SOA and BPM Tend to Overlook the Complexity of Integrating Fragmented Enterprise Data
Posted in Architecture, Benefits, Best Practices, Data Integration, Data Quality, Data Services, SOA by Informatica | 2 Comments![]() |
This blog post focues on the typical data-centric challenges that SOA and BPM deployments face. Without accurate, consistent and timely information, SOA and BPM cannot effectively deliver on their promise. I look forward to your take on this.

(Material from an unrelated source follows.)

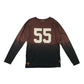 Milk Copenhagen T-shirt Age 12-13 Brown and Black Gradient Number Print Long Sleeve Cotton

As we know, SOA uses a simple Web services paradigm to address high-level application integration and business process orchestration, but it cannot address more granular data issues. Semantic inconsistencies, inaccuracies, diverse data formats and access mechanisms, varying requirements for data latencies and volume are some examples. Typical SOA and BPM deployments assume the availability of readily consumable information. This introduces the costly risk of data inconsistency and inaccuracy surfacing later and undermining the business and IT value of an SOA or a BPM initiative.
I think that in order to maximize the business and IT value of an application-centric integration strategy, organizations need to look closely at data integration challenges, requirements, and prospective solutions. Focusing on application-centric integration approaches like SOA, BPM, EAI, and ESB which promise agility, unless complemented by sophisticated data integration platform, most likely will fail to deliver on that promise. The platform has to deliver holistic and accurate information as a service to consuming applications and business processes, exactly at the speed and latency needs of the business. Our Real-Time resource center looks at this in more detail.
What do you think about real-time or right-time data integration? Do you agree that without considering an organization’s flexible latency needs (from batch to real-time), business agility is at risk?
Ted Friedman, VP Distinguished Analyst, Gartner recently stated, "Most important for organizations to recognize is that their data integration will require a mix of latencies — while real-time activity is on the increase, there will always be a need for higher-latency data integration work, since not all data in the architecture changes frequently, and not all processes, teams and roles are capable of harnessing real-time data."
Do you agree? What’s been your experience?